-- Required work --
Your answer must be the line containing "Sie sehen eine" and each following line to the end of the listing below, copied exactly, with pictures removed and nothing added.

*-*-*

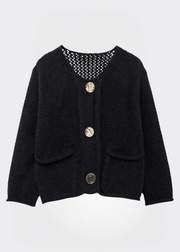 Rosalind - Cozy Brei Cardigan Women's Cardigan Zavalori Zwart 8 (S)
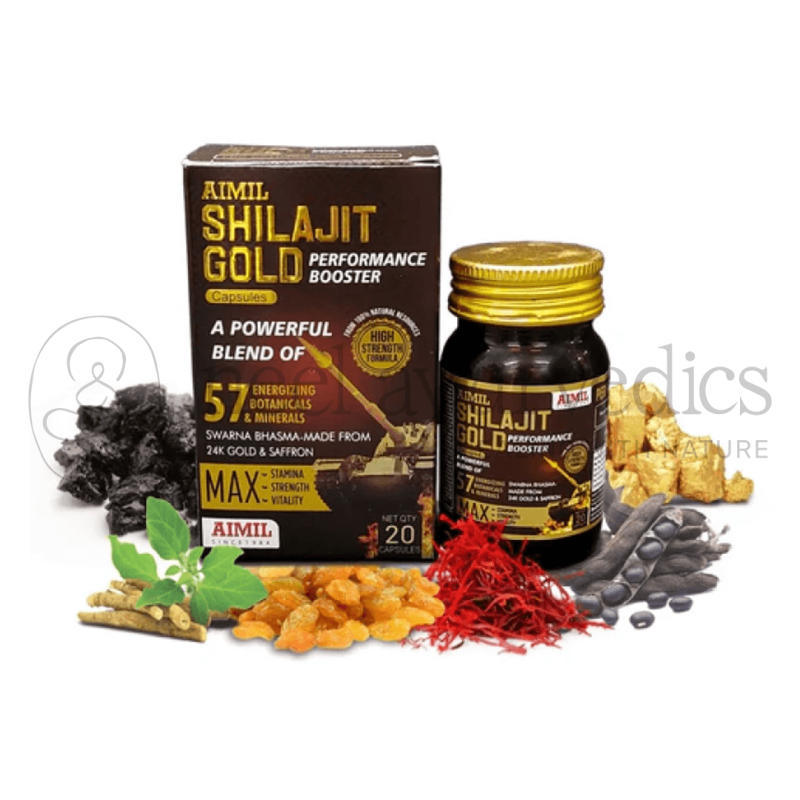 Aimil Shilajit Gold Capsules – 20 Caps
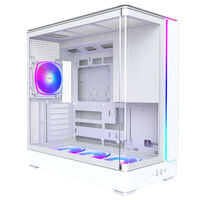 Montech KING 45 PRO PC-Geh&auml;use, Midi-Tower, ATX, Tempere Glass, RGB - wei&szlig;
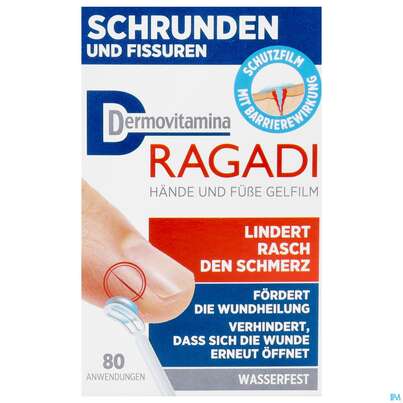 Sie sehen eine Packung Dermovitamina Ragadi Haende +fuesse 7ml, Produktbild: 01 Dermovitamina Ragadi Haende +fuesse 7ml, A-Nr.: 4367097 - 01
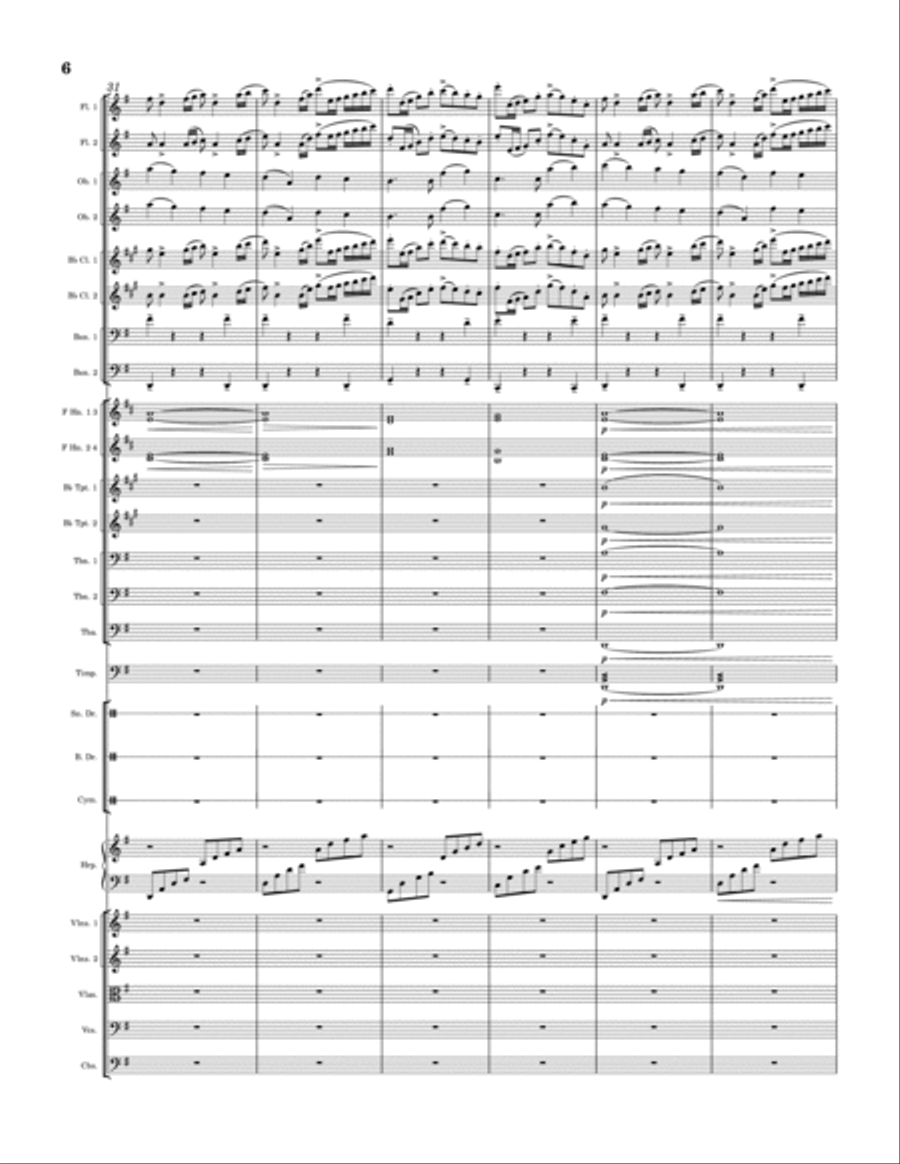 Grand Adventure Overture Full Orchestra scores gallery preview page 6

*-*-*

-- Task result --
 Sie sehen eine Packung Dermovitamina Ragadi Haende +fuesse 7ml, Produktbild: 01 Dermovitamina Ragadi Haende +fuesse 7ml, A-Nr.: 4367097 - 01
 Grand Adventure Overture Full Orchestra scores gallery preview page 6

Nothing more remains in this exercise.